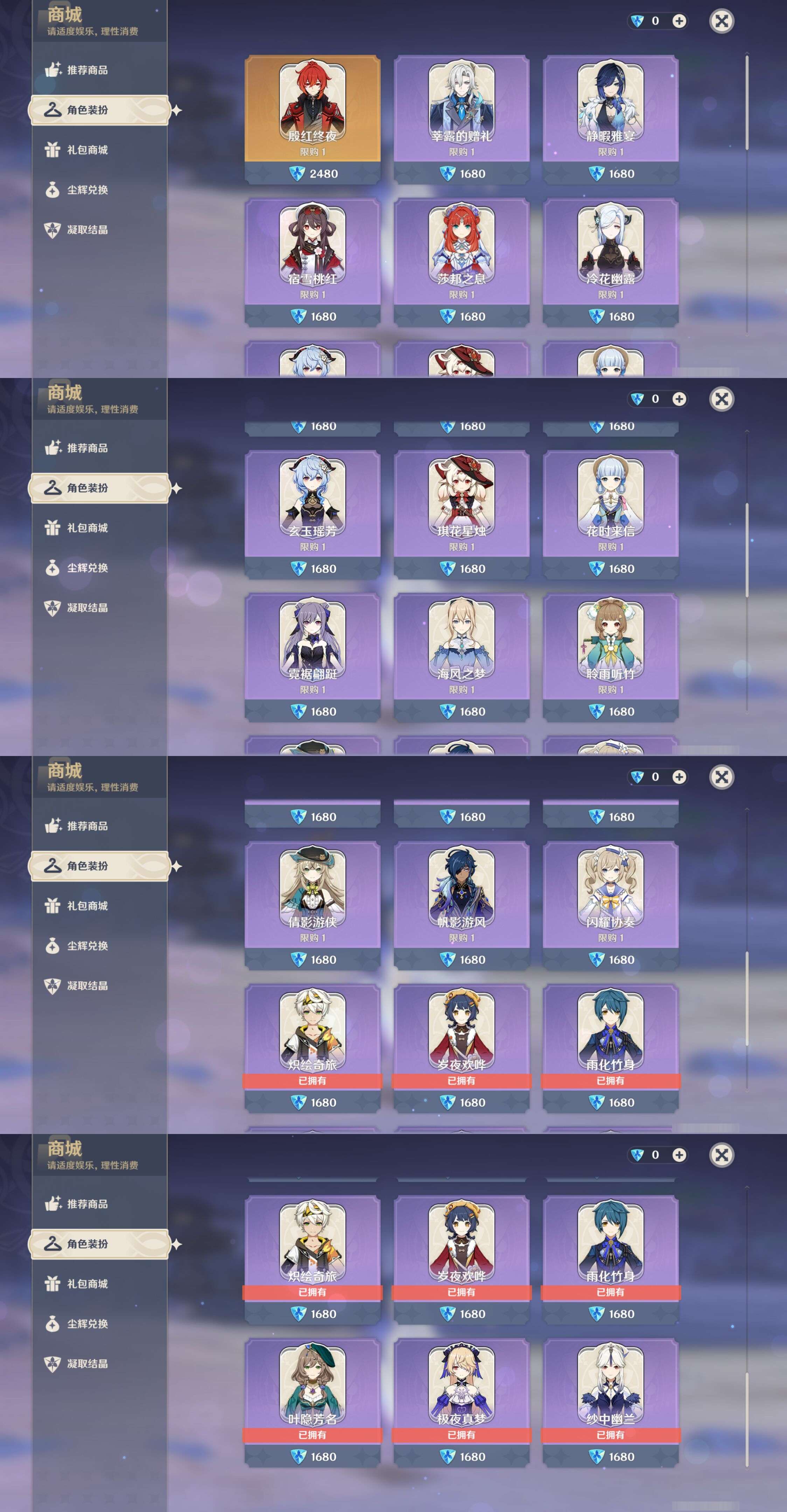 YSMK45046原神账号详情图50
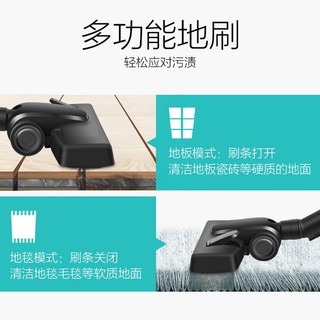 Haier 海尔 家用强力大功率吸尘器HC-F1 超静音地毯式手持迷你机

==

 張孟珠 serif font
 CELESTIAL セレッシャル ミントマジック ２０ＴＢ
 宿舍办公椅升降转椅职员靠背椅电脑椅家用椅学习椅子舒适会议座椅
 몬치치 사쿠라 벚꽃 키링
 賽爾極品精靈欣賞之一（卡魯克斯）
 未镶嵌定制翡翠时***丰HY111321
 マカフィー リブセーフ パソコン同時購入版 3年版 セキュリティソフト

==

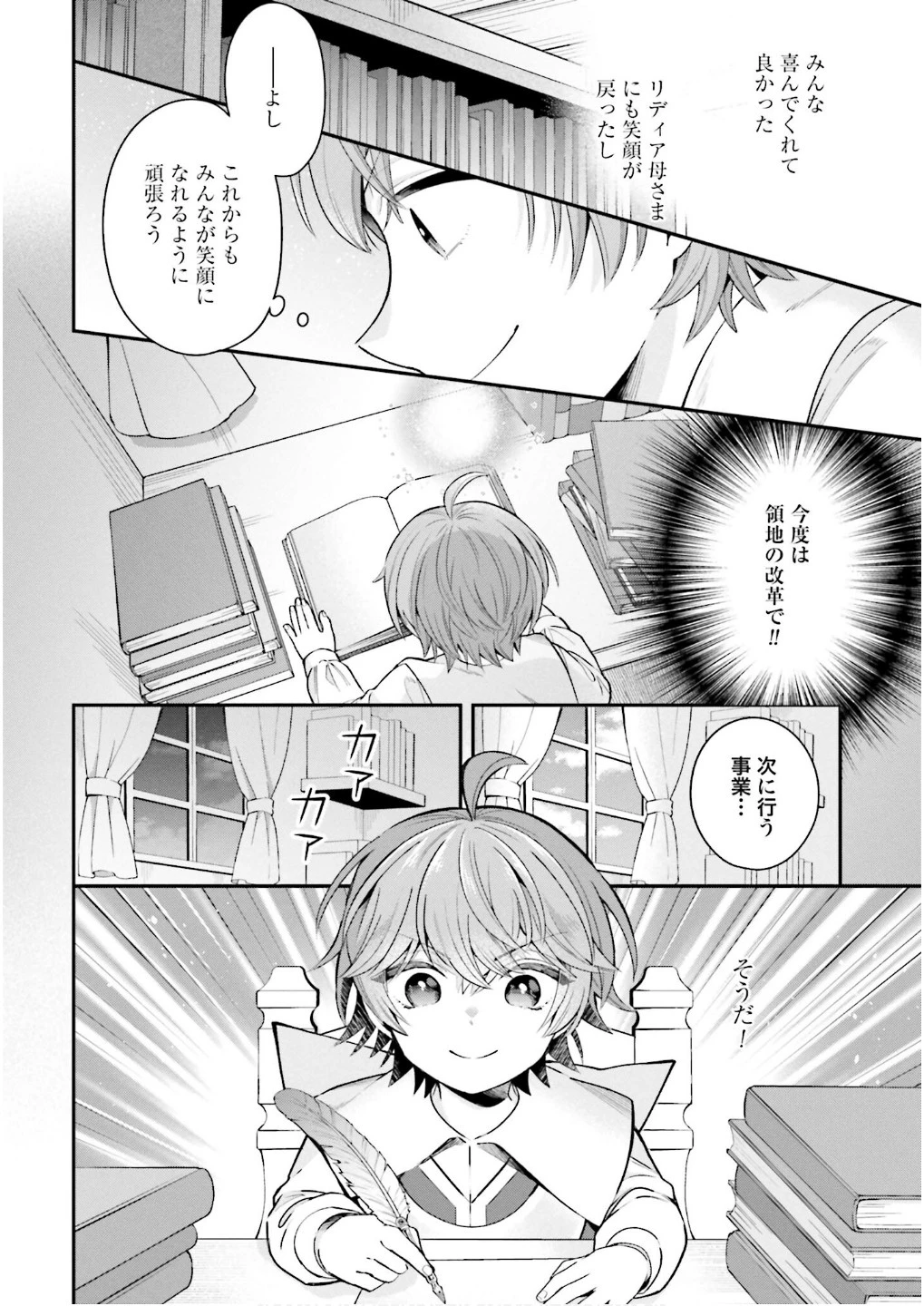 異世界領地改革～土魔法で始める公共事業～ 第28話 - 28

To do:
An exact copy of the lines above between the line holding "CELESTIAL セレッシャル ミントマジック ２０ＴＢ" and the line holding "マカフィー リブセーフ パソコン同時購入版 3年版 セキュリティソフト", inclusive, is the whole answer.

Written answer:
 CELESTIAL セレッシャル ミントマジック ２０ＴＢ
 宿舍办公椅升降转椅职员靠背椅电脑椅家用椅学习椅子舒适会议座椅
 몬치치 사쿠라 벚꽃 키링
 賽爾極品精靈欣賞之一（卡魯克斯）
 未镶嵌定制翡翠时***丰HY111321
 マカフィー リブセーフ パソコン同時購入版 3年版 セキュリティソフト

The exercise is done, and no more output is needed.